This doc contains low-level advice on SQL patterns that will help avoid errors and make queries more performant.

General Syntax

Our primary target is Amazon Athena, which is based off of Trino; Searching for topics on either of these DBs is a good way to debug syntax issues not mentioned the scope of this document. The Trino functions reference is particularly useful.

We use DuckDB for our unit tests, and it could be used as a datastore locally if desired. If there is a difference between DuckDb and Athena/Trino, we patch DuckDB with a user defined function. You can see some examples of this in the DuckDB DatabaseBackend. Hopefully you will not have to do this. If you do, we are probably interested in supporting it, so please reach out and let us know.

Dates

FHIR dates/times come across the wires as ISO 8061-formatted strings. To get them into actual timestamps, use the from_is08061_timestamp function as part of your query, and CASE to either date or timestamp.If you want to get a specific portion of a date, like a month or year, use the date_trunc function. An example use case:

 SELECT 
        date(from_iso8601_timestamp(dr.date)) AS doc_date,
        date_trunc('month', date(from_iso8601_timestamp(dr."context"."period"."start")))
            AS author_month,
    FROM documentreference AS dr

Arrays

For 90% of use cases, avoid array handling entirely! The core study exists to shield you from this. This is only relevant if you’re doing something that is fussy, or if you have a reason to work from raw FHIR objects in the database.

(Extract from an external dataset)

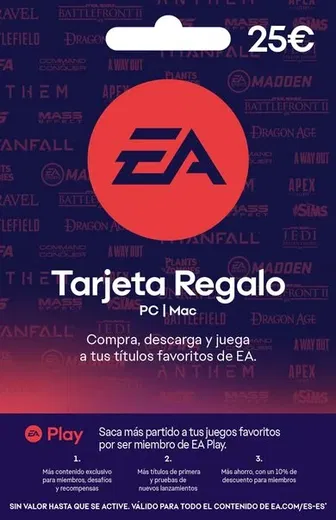 EA 25 EUR Gift Card (Italy) gallery image 2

FHIR objects are deeply nested, and usually we want to unpack these values to get them into 2D tables. The ETL has done a lot of work already to make this safe for you, but it’s not perfect - we need the database to have a complete schema for a nested object, and the ETL will fill this out for two levels of depth, but there’s some cases where we just can’t guess how deep of a schema we need to prepopulate (extension can recurse indefinetely). In cases where we do go deep, the ETL will try to infer the schema from the data. This can cause headaches if someone else tries to run your study, since they may have different data.

So - if you’re going deep into the data model, you may want to check information_schema.columns for the field in question, and verify that the field actually exists, before doing any additional query. This also means that generally for raw FHIR traversal, you should use the TableBuilder pattern so you have access to boolean logic.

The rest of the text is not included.